The 4×100 relay is a team sport in the strictest ways – all four individuals have to do their part, either by executing exactly to plan and training, or by following the rules to ensure minimum eligibility. If one individual fails, the entire team fails. There is very little room for error.

At the 2008 Beijing Olympics, Usain Bolt made history running the third leg in the 4×100 men’s relay, becoming the first person ever to win gold in the 100-meter, 200-meter and 4×100 men’s relay in the same athletics event. Not only that, he achieved all three victories in world record time.

But in late January of 2017, it was announced that his teammate, Nesta Carter, had tested positive for a banned stimulant (methylhexaneamine). In 2008, after the finals, Carter’s urine test came up negative. But due to the shocking news last year of systematic state-sponsored doping in Russia, the IOC asked for re-testing of results going back ten years, as the tools to uncover traces of banned substances has improved significantly over the years. Dozens of athletes have now tested positive, many of them medalists, including Carter. And because Carter has been disqualified, so too has the entire Jamaican 4×100 team.
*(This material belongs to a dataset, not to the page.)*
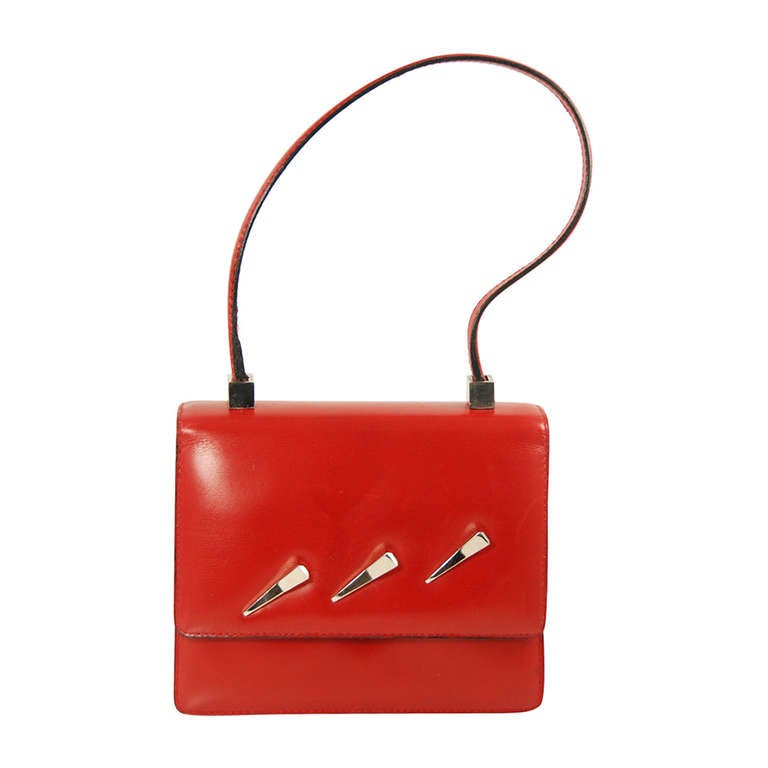 1960s Pierre Cardin Red Leather Handbag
Many who love and respect Bolt feel Bolt’s record has been tarnished, perhaps unfairly. And when Bolt and his teammates won gold in the 4×100 relay at the Rio Olympics, he became the first person ever to win the 100-meter, 200-meter and 4×100 men’s relay in three straight Olympics – the so-called Triple Triple. Well, that golden symmetry has been disturbed with the removal of the 4×100 gold in Beijing.

But most people will agree, the loss of the relay gold will not hurt Bolt’s immense legacy. Even Bolt believes that to be the case. “I think I’ve accomplished a lot. This hasn’t changed what I have done throughout my career. I have worked hard and pushed and done things that no one has done before. I have won three gold medals over the 100m and 200m, which no one has ever done before.”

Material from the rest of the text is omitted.